Entries taken from a collection:
= = =

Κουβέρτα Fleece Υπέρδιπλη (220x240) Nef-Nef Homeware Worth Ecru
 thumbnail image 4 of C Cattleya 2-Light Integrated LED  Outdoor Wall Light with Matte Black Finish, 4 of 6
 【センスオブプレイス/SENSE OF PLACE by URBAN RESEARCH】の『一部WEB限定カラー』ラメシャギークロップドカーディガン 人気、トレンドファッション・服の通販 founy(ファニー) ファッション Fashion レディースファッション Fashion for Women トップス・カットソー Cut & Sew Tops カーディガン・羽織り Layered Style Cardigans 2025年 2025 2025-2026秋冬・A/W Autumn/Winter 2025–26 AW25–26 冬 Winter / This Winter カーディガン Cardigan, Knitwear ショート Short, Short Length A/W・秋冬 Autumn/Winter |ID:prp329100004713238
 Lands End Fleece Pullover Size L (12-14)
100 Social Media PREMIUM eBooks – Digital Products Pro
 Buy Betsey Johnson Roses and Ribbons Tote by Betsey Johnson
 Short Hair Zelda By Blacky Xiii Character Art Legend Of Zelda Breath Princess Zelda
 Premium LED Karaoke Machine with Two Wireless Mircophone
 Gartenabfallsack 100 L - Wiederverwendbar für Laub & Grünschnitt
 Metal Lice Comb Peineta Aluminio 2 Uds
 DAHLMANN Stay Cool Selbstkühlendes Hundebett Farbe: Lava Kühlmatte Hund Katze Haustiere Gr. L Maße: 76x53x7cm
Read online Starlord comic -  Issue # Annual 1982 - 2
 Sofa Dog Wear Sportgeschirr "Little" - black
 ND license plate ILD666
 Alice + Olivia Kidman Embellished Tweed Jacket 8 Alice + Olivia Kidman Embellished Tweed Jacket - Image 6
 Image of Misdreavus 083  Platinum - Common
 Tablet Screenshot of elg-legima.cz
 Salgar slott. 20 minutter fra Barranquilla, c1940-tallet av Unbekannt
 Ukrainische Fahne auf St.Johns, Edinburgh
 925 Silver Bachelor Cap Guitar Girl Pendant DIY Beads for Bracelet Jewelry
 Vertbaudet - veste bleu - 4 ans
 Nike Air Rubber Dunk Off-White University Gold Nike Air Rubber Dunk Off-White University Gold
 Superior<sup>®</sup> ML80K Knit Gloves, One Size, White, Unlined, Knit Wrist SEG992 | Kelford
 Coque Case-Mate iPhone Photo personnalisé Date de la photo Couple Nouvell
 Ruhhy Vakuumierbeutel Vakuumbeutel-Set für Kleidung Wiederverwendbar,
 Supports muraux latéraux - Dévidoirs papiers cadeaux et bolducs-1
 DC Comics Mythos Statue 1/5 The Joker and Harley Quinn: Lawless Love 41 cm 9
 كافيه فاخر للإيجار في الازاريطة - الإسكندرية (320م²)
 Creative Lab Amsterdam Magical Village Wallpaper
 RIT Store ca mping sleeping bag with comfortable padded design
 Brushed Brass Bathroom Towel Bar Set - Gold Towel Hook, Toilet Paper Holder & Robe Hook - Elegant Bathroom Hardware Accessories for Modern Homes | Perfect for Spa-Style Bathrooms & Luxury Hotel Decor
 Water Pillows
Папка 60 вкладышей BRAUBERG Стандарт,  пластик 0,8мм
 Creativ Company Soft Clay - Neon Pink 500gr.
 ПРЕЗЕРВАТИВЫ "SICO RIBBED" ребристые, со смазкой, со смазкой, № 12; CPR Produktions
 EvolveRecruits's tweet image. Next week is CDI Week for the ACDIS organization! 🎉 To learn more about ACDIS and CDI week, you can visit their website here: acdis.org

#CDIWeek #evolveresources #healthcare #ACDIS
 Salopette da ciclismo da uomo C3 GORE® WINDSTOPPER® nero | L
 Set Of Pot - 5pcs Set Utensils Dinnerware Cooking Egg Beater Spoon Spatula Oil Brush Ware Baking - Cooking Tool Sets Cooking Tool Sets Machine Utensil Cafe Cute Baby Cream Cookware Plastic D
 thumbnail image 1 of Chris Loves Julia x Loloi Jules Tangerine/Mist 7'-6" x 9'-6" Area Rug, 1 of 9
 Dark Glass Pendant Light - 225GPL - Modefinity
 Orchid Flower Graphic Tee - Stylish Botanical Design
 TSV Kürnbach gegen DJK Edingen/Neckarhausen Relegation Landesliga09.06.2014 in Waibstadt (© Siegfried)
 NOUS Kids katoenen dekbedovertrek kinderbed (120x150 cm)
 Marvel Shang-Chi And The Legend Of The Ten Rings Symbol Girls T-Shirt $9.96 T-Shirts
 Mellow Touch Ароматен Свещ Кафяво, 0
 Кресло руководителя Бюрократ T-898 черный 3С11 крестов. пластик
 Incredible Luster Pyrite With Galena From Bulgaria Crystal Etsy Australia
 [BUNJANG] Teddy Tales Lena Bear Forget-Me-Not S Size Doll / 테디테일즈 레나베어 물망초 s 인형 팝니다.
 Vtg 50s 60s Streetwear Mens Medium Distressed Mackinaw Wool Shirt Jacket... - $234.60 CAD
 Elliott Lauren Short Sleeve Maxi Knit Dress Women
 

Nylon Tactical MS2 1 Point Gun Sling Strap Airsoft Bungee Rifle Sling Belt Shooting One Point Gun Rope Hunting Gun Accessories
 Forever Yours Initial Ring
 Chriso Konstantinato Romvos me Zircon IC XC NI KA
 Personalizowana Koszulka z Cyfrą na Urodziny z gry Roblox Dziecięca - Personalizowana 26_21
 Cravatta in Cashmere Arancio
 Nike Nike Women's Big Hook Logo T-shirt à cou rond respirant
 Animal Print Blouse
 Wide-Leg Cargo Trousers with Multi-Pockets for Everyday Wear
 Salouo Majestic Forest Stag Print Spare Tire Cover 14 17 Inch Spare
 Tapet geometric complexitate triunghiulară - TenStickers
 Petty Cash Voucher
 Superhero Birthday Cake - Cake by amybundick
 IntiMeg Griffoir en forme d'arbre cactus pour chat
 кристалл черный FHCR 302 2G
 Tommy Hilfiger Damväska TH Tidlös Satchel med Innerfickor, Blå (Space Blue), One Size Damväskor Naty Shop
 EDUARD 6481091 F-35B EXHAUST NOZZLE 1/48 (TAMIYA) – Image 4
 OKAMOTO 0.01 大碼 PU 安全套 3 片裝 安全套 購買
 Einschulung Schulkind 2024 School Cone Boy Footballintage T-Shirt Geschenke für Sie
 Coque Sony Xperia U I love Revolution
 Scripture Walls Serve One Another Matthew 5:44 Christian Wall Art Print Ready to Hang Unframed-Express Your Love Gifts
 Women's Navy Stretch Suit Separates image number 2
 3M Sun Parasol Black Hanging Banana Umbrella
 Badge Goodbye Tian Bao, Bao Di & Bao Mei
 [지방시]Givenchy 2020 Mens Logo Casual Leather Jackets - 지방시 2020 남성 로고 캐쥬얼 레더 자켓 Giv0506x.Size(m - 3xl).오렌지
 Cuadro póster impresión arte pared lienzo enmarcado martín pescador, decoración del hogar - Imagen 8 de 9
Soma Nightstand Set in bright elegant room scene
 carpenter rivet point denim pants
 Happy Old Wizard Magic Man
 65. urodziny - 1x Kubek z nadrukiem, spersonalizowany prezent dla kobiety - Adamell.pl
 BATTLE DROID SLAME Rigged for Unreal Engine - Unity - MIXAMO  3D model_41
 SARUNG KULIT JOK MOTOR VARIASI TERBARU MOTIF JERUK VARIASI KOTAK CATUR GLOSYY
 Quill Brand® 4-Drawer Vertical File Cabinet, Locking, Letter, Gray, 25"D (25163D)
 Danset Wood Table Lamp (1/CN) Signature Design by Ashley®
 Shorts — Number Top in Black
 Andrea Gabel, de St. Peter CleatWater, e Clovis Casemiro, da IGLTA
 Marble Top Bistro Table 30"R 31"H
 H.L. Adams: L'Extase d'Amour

= = =

- _WHAT IS EXPECTED_
Give the number of lines in the entries above that include the word "Print", and nothing more.

- _RESPONSE AREA_
3